* _Activity_:
Images should not appear in the copy, yet every line of the listing below must be printed exactly.

Data for the task section start

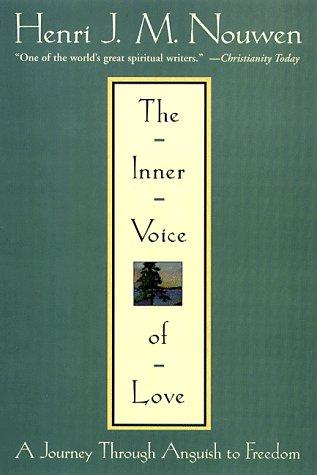 Henri Nouwen: The Inner Voice of Love (1999, Image)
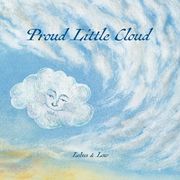 Proud Little Cloud: Letting in the Light (en Inglés)
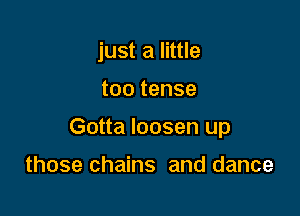 just a little

too tense

Gotta loosen up

those chains and dance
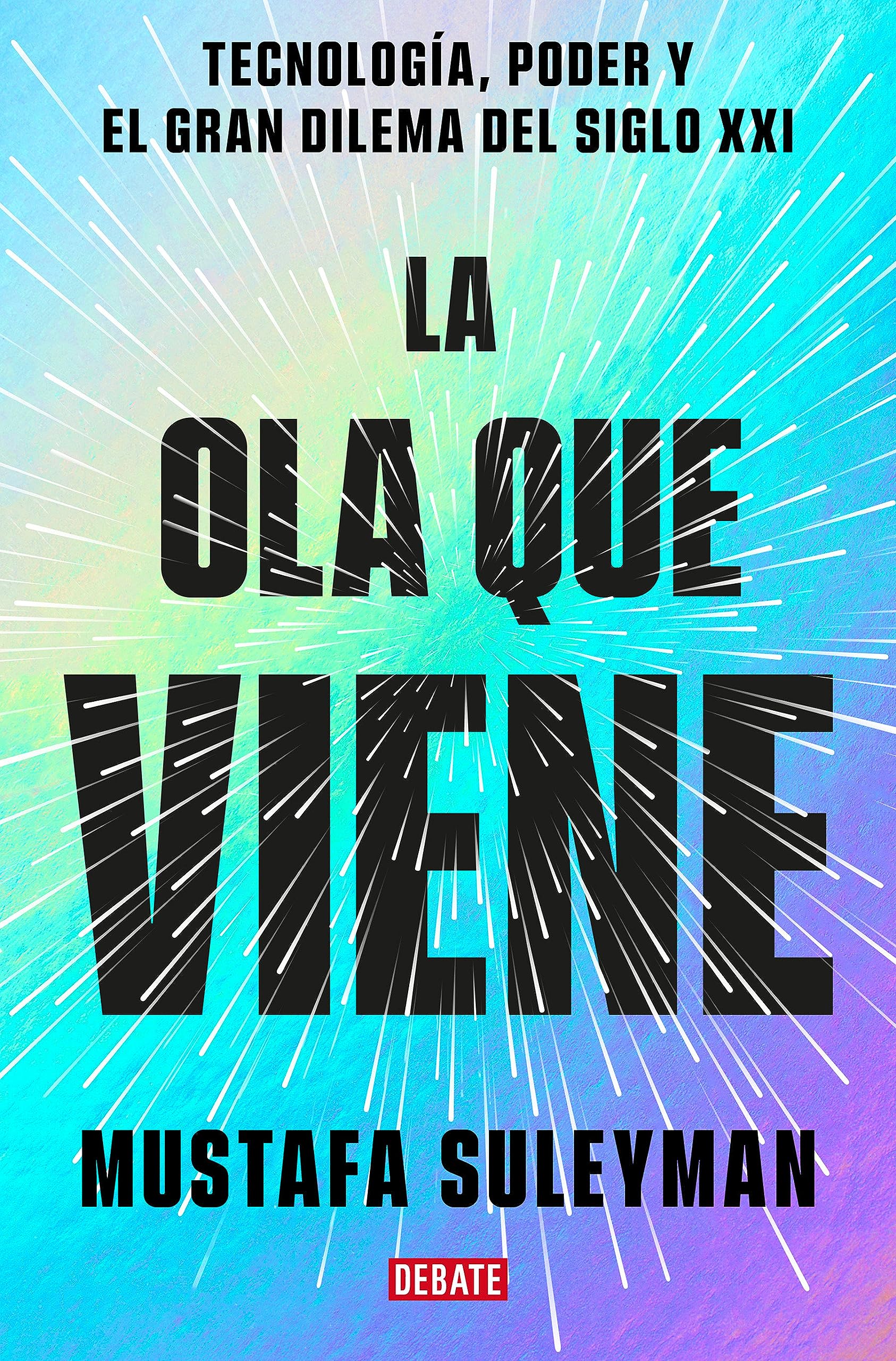Portada de La ola que viene. Tecnología, poder y el gran dilema del siglo XXI, de Mustafa Suleyman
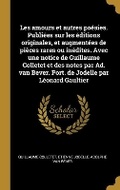 Cover: Les amours et autres poesies. Publiees sur les editions originales, et augmentees de pieces rares ou inedites. Avec une notice de Guillaume Colletet et des notes par Ad. van Bever. Port. de Jodelle par Leonard Gaultier - Wentworth Press
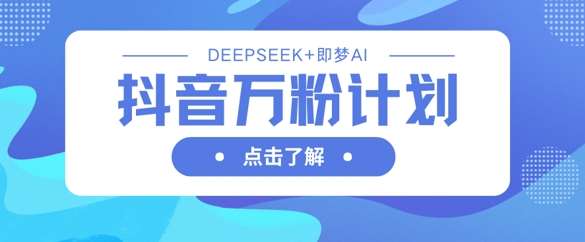 抖音万粉计划，利用DeepSeek+即梦AI生成视频，快速涨到万粉-低成本创业项目大全｜短视频带货+AI副业变现｜知行创业网
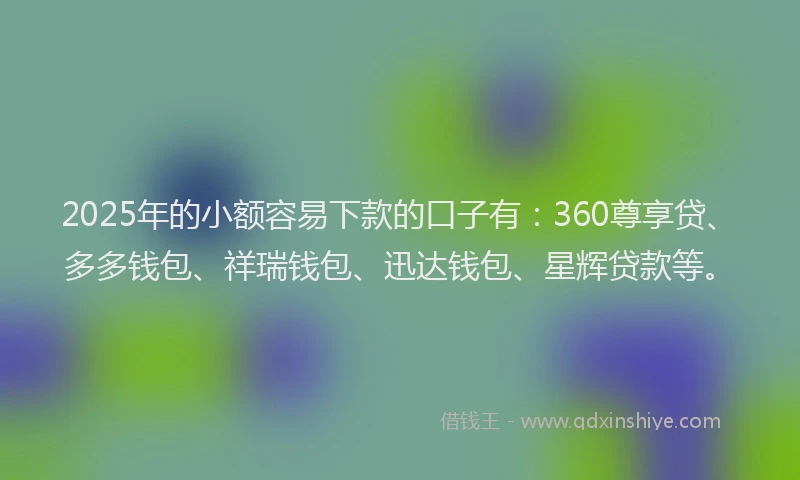 2025年的小额容易下款的口子有：360尊享贷、多多钱包、祥瑞钱包、迅达钱包、星辉贷款等。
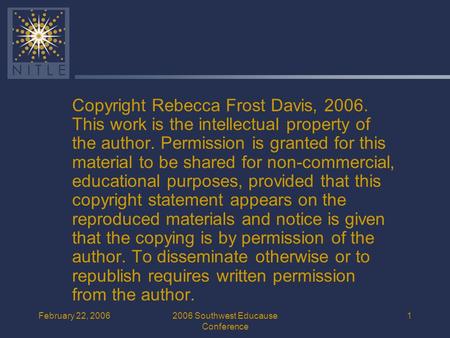 February 22, 20062006 Southwest Educause Conference 1 Copyright Rebecca Frost Davis, 2006. This work is the intellectual property of the author. Permission.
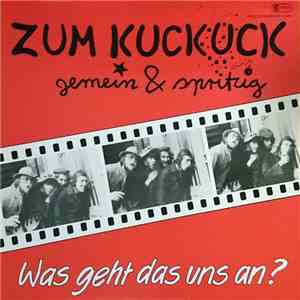 Zum Kuckuck  - Was Geht Das Uns An?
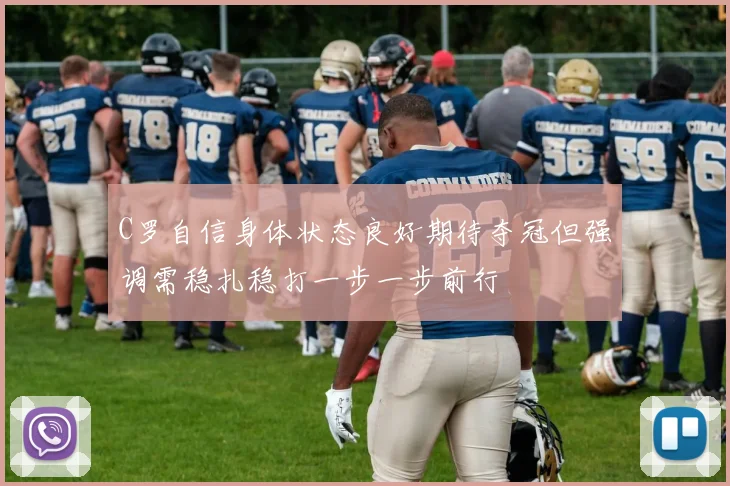 C罗自信身体状态良好期待夺冠但强调需稳扎稳打一步一步前行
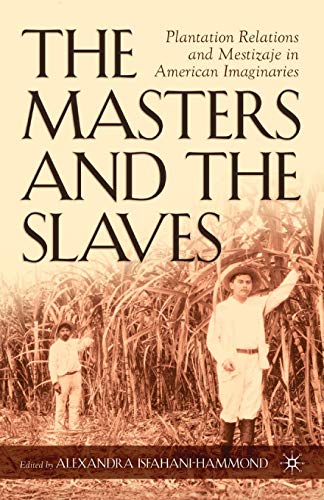 Stock image for The Masters and the Slaves: Plantation Relations and Mestizaje in American Imaginaries for sale by Chiron Media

Data for the task section end

* _Answer space_:
 Henri Nouwen: The Inner Voice of Love (1999, Image)
 Proud Little Cloud: Letting in the Light (en Inglés)
 just a little

too tense

Gotta loosen up

those chains and dance
Portada de La ola que viene. Tecnología, poder y el gran dilema del siglo XXI, de Mustafa Suleyman
 Cover: Les amours et autres poesies. Publiees sur les editions originales, et augmentees de pieces rares ou inedites. Avec une notice de Guillaume Colletet et des notes par Ad. van Bever. Port. de Jodelle par Leonard Gaultier - Wentworth Press
 抖音万粉计划，利用DeepSeek+即梦AI生成视频，快速涨到万粉-低成本创业项目大全｜短视频带货+AI副业变现｜知行创业网
 2025年的小额容易下款的口子有：360尊享贷、多多钱包、祥瑞钱包、迅达钱包、星辉贷款等。
 February 22, 20062006 Southwest Educause Conference 1 Copyright Rebecca Frost Davis, 2006. This work is the intellectual property of the author. Permission.
 Zum Kuckuck  - Was Geht Das Uns An?
 C罗自信身体状态良好期待夺冠但强调需稳扎稳打一步一步前行
 Stock image for The Masters and the Slaves: Plantation Relations and Mestizaje in American Imaginaries for sale by Chiron Media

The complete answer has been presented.